• **SOURCE DATA**
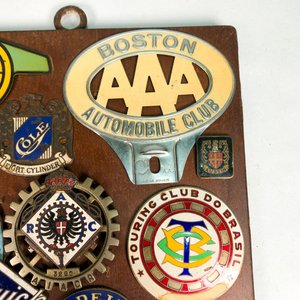 Cuadro Decorativo con Placas Automovilistas Antiguas y Marco de Madera - imagen 3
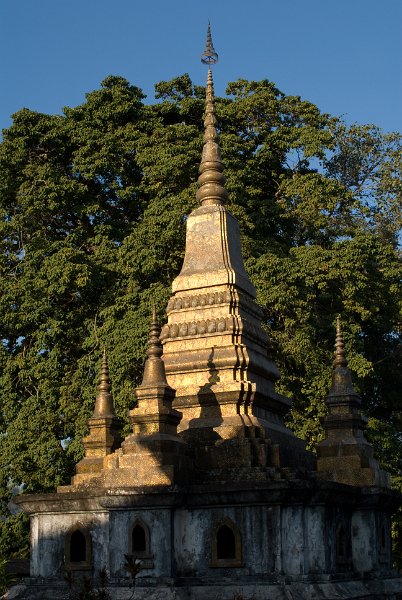 CHI_3547.jpg - luang prabang - pagode beim wat that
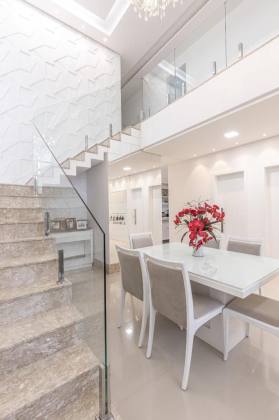 Casa à venda no Condomínio Costa Marina -4/4 | 3 suítes | Frente Leste | Área gourmet e piscina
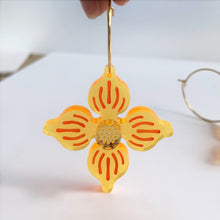 Load image into Gallery viewer, Flower Hoop earrings - Light Orange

• **BRIEF**
Exactly the lines from the one containing "CHI_3547.jpg - luang" through the end of the data above: repeat those, both ends included, and nothing else. Skip the pictures.

• **RESULT OF THE TASK**
 CHI_3547.jpg - luang prabang - pagode beim wat that
 Casa à venda no Condomínio Costa Marina -4/4 | 3 suítes | Frente Leste | Área gourmet e piscina
 Load image into Gallery viewer, Flower Hoop earrings - Light Orange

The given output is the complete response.